Mean Mom Meets Tiger Mom: I Read the Book
Since I wrote my post last week on The Battle Hymn of the Tiger Mother, the parenting memoir by Yale University Law professor and writer Amy Chua, it’s gotten even more press — good, bad, backpedaling, explaining. I’ve read a lot of it, not all of it — but I did read the book, as promised.
One superficial observation: Wow. It’s short. Some of the chapters are only a few pages long. She claims she wrote the whole thing, save the last chapter or two, in a lightening-fast 6 or 8 weeks. Um, it shows. Not that it isn’t technically well-written, and it even has a few flashes of humor. But what it doesn’t have a whole lot of is insight.
In my previous post, my thoughts were based on that one Wall Street Journal excerpt, which triggered the kind of response newspapers kill themselves for (well, kill themselves if they weren’t already dying. Ba da bum! I made a journalism joke!).
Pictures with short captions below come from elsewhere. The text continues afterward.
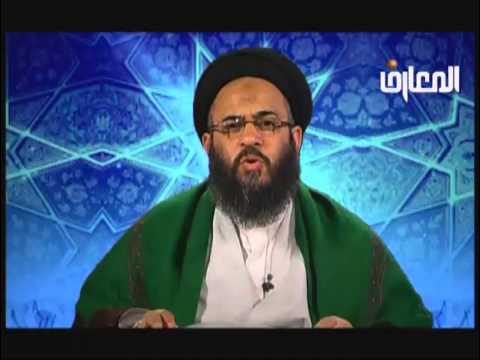 ⁣شوقا اليك الحلقة  - 18 -  السيد عادل العلوي - قناة المعارف
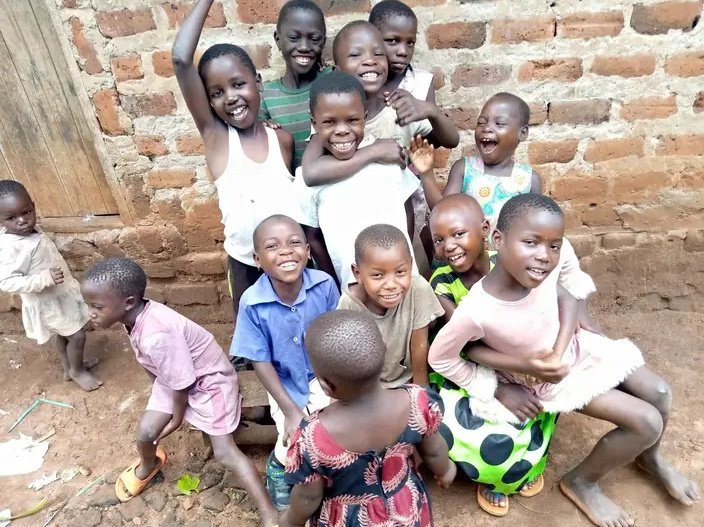 orphanege's tweet photo. - "I will not leave you as orphans; I will come to you (John 14:18). Consider giving a child a family 🏡" https://t.co/sV6yZcPghA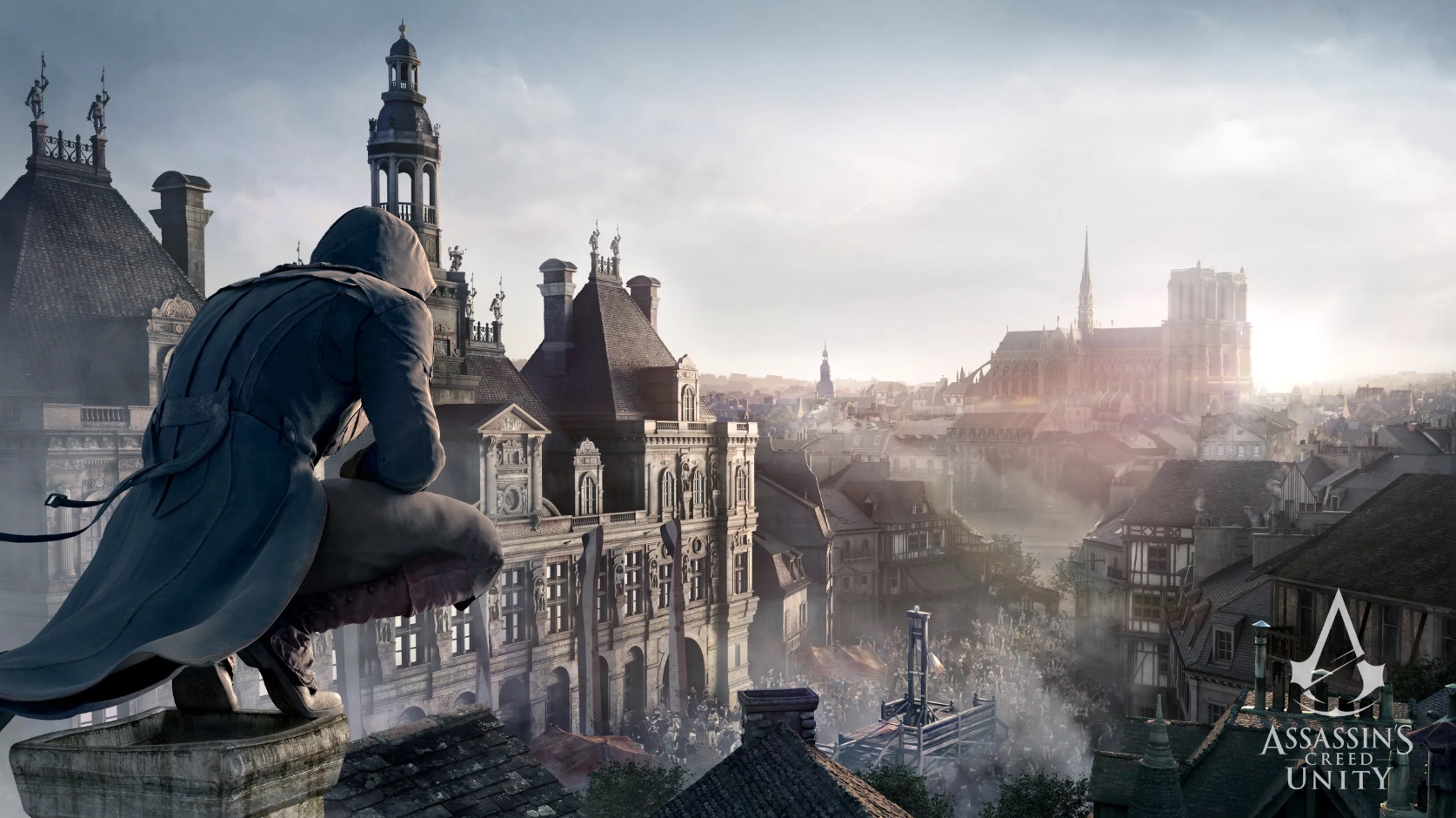 Assassin’s Creed Unity Превью 3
It was also the kind of response — a gajillion online comments, thousands of blog posts (mine included), and, within a few more days, many more articles — that authors and their editors and publicists dream about, the kind that sticks what might have been a kind of “eh” book onto the New York Times bestseller list (where it now sits).
Having now read the book (did I mention it’s short? With narrow pages with even narrower margins? Didn’t take me long, and I was in the middle of reading another book at the same time), I can say this with certainty:
- The WSJ, or Chua, or likely the both of them together, chose the most incendiary portion of the book to excerpt. Duh.
- The WSJ editor wrote a title — “Why Chinese Mothers are Superior” — he or she knew would provoke even more reaction. I know this; I used to write article heads for a living. You want people to read the piece.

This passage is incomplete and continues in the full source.